Health sector is a security sector

26 Jun, 2016 - 00:06 0 Views
Health sector is a security sector Mr Willard Manungo

The Sunday Mail

Vukani Madoda The Sharp Shooter
Today let’s talk about our health. Your health and my health. And of course the health of Morgan Richard Tsvangirai rather than the health of President Robert Mugabe because he is as always, as fit as a fiddle and at 92 still standing, still strong and ready to go on forever! Almost two weeks ago the Secretary to the Treasury, Mr Willard Manungo, sincerely regretted the inconvenience caused by relegating the health services sector from an essential service that is usually given the same priority and importance as the security services sector when he announced that they will now receive their June 2016 salaries more than three weeks after the initially gazetted pay day.

The health services sector, which normally gets paid on the 22nd of the month, was shocked to learn that they would only receive their June salaries on July 14th.

What was more devastating for the health services sector is that they were bunched with the rest of civil service while the security sector and the education sector were to be paid way ahead of them.

The implications may indeed have far-reaching effects on the country’s health facilities.

The effects have begun to show, even for people like Tsvangirai who as a Zimbabwean is entitled to good health facilities but due to ill-health only last week was unable to join his mob of rabble-rousers in Mutare to protest for the sake of protesting.

Mr Manungo must understand that not even President Mugabe would want Morgan to die before he gets beaten for a record fifth time in the 2018 elections.

Zanu-PF and President Mugabe want a healthy Morgan to stand in the ring again and be defeated.
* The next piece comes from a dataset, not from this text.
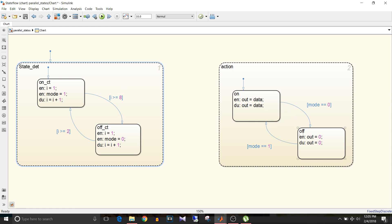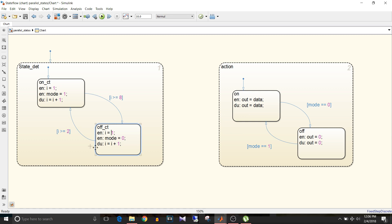The state determination determines the mode, and based on that mode we take action in the action state. In state determination there are two states: on count and off count. In on count, at entry, variable I is initialized to 1 and mode is set to 1; during action I is incremented, and when I >= 8 we switch to off count. In off count, I is initialized to 1 and mode is set to 0; during action I is incremented, and when I >= 2 we switch back to on count.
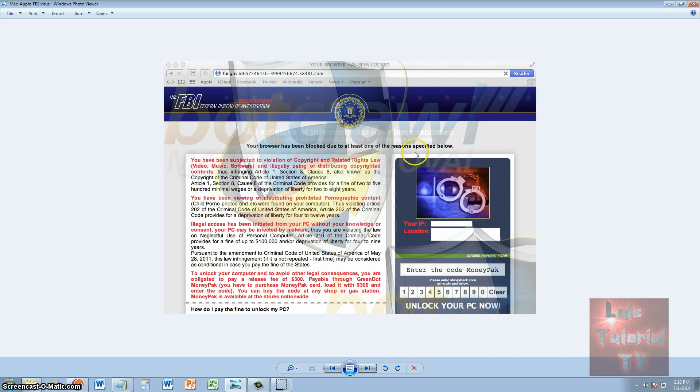As you see in this picture here, it'll say your browser has been locked. You won't be able to use your browser and it's going to try to use a ransom on you to pay them to unlock your browser. Now I'm about to show you how to unlock it.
They don’t want him to hide behind ill-health and they don’t need him fleeing hospitals through alleyways without paying his bills!

It is, therefore, essential for the health services sector to be given priority in as far as salaries are concerned so that they focus on ensuring that democracy prevails in this country by ensuring that there are healthy opposition leaders and healthy protesters.

The energy exhibited by opposition forces and protestors is under threat if the health services sector is unhappy with the way they are treated. When someone becomes ill, nothing else in this world matters.

That person’s health becomes top priority because without good health, that person will not be able to air their political views or carry out their day-to-day activities.

If members of the security services sector fall ill and fail to get the necessary care and treatment, then security is compromised.

The fact of the matter is that the health services sector is in essence a security services sector.

At one point in time even the Secretary to the Treasury himself or his close relatives will fall sick and seek the services of disgruntled personal at health facilities.

I am, however, hopeful, that our health practitioners will raise above material gain and, like President Mugabe recently said, show that they value life more than money and it is for that reason that I conclude this piece by reminding them of the Hippocratic Oath, one of the oldest binding vows in history.

“I swear to fulfil, to the best of my ability and judgment, this covenant: I will respect the hard-won scientific gains of those physicians in whose steps I walk, and gladly share such knowledge as is mine with those who are to follow.

“I will apply, for the benefit of the sick, all measures [that] are required, avoiding those twin traps of overtreatment and therapeutic nihilism.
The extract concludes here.